Ann-Kathrin Bendixen, besser bekannt als "Affe auf Bike", wagte das, wovon so viele nur träumen: Sie begann 2019 ihre Weltreise auf ihrem eigenen Motorrad und mit nur 400 Euro in der Tasche. Ihr einziger Begleiter: ein kleiner Plüschaffe, der ihr bis heute in einsamen Momenten mitten im Nirgendwo zur Seite steht.

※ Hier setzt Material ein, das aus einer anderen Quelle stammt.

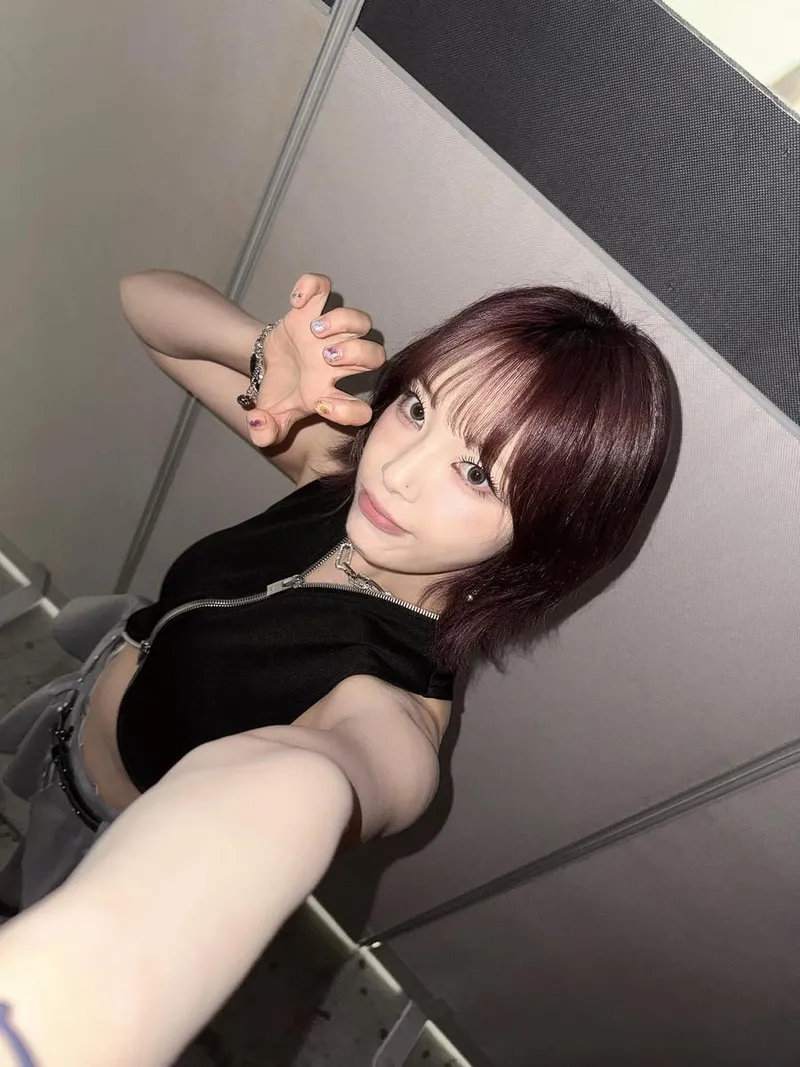 “시선을 응집시킨 포즈”…문수아, 여름 오후→강렬한 셀카 압도 / 걸그룹 빌리 문수아 인스타그램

Ein Schicksalsschlag als Auslöser
Doch woher nahm die Bikerin damals den Mut, ganz alleine von Kontinent zu Kontinent zu reisen? Der Auslöser: ein Schicksalsschlag. Mit 18 Jahren erkrankte die Schleswig-Holsteinerin ernsthaft, und um ein Haar wäre sie auf einem Auge blind geworden. Nur eine Not-Operation hat sie davor bewahrt. Eine "gewöhnliche" Nebenhöhlenentzündung, die damals operiert wurde, endete für die Schülerin in einer lebensbedrohlichen Situation. Ein Gewächs aus Narbengewebe brach in ihr Auge ein, machte sie für einige Tage blind. "Ich hatte die Schmerzen meines Lebens. Ich dachte, ich sterbe hier", erzählt die 23-Jährige bei deep und deutlich. Diese Lebensphase machte ihr unmissverständlich klar, dass der Sensenmann immer und überall lauern kann. Eine Situation, die sie zum Umdenken gebracht hat.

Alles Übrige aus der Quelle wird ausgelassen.